During average follow-up of 19.5 years, there were 305 incident AF cases (annual AF rate of 65.1/1000 person-years, 95% confidence interval [CI] 58.2–72.8). Overall, a nonlinear association was observed between CRF and incident AF. The rate of incident AF varied from 11.5 (95% CI 9.4–14.0) for the first quartile of CRF, to 9.1 (95% CI 7.4–11.2) for the second quartile, 5.7 (95% CI 4.4–7.4) for the third quartile, and 6.3 (95% CI 5.0–8.0) for the fourth quartile. Age-adjusted hazard ratio comparing top vs bottom fourth of usual CRF levels was 0.67 (95% CI 0.48–0.95), attenuated to 0.98 (95% CI 0.66–1.43) upon further adjustment for risk factors. These findings were comparable across age, body mass index, history of smoking, diabetes, and cardiovascular disease status at baseline.


Improved fitness as indicated by higher levels of CRF is protective of AF within a certain range, beyond which the risk of AF rises again. These findings warrant further replication.

Saturday, April 23, 2016

Augmented renal clearance of antibiotics in critically ill patients

From a recent review:


Augmented renal clearance (ARC) is a prevalent condition in the critically ill.

ARC may result in sub-therapeutic exposure of renally eliminated antibiotics.

Beta-lactams are particularly affected due to their pharmacokinetic and pharmacodynamic characteristics.

Dose optimization is necessary to circumvent the influence of ARC.

Therapeutic drug monitoring may be necessary to guide dose optimization.

Dose optimization might consist, in the case of beta lactam antibiotics and their congeners, of extended or continuous infusion dosing. Although ARC is defined by a creatinine clearance of greater than 130 mL/min/173 m2 routine clinical estimates may not be reliable. Moreover, enhanced tubular secretion or diminished reabsorption may account for ARC of some antibiotics. Less severely ill patients tend to be at greater risk for ARC.

Friday, April 22, 2016

Ca-125 levels may indicate perforation in acute appendicitis

From a recent report:


Sixty patients with acute appendicitis were recruited prospectively in this study between May 2014 and March 2015. Blood samples were obtained to measure CA-125 levels before appendectomy. Of the 57 patients, 10 had perforated or gangrenous appendicitis intraoperatively. The CA-125 levels were significantly higher in patients with perforated or gangrenous appendicitis than patients with uncomplicated appendicitis (49.9 vs 10.5 U/mL, P = .000).

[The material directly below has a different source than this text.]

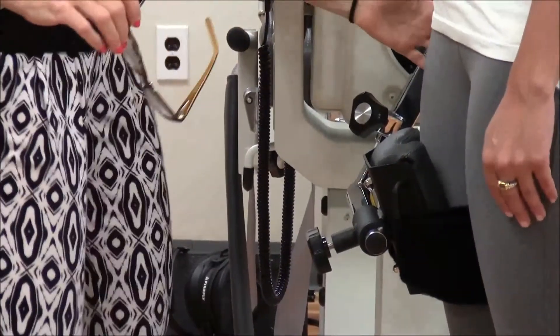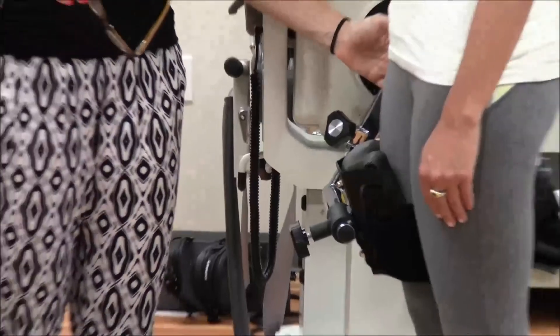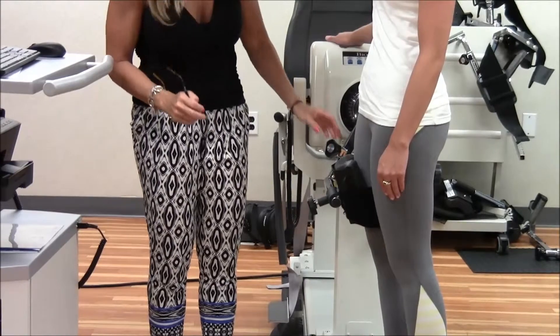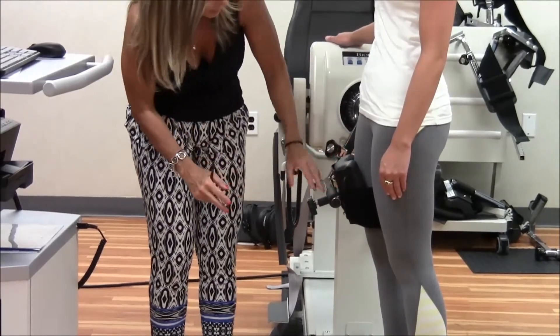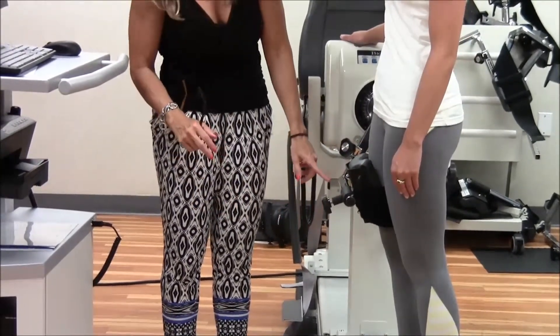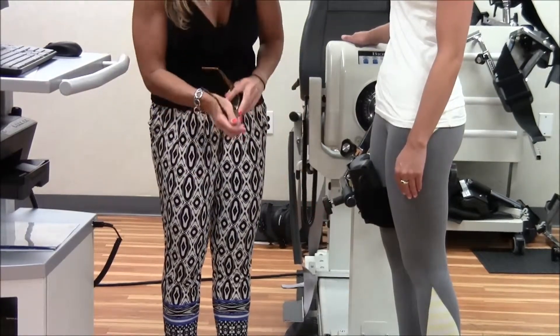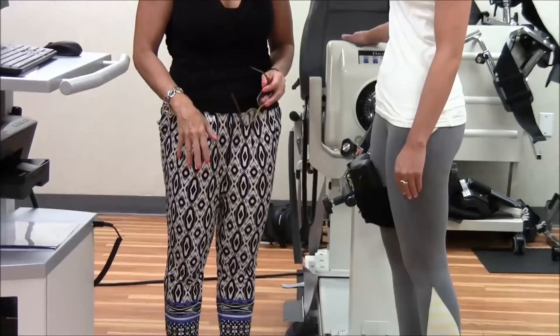We want to make sure that Megan's hip — her greater trochanter — is in line with the dynamometer. We want to make sure that the pad placement is about the distal one-third of the femur, and I have tightened the screw so we have taken out the wiggle from the pad.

Cancer antigen 125 levels in patients with highly suspected or confirmed appendicitis could help clinicians determine the severity of the disease.

Thursday, April 21, 2016

Should you screen your patient for alpha 1?

A recent paper, linked here, outlines the indications for screening and the reasons why. This has been a bit controversial, since gene product replacement has been supported only by clinical data on surrogate endpoints. However, the article makes a compelling case for screening based on several reasons. First, the surrogate based evidence is mounting. Second, there are multiple reasons beyond product replacement to justify screening.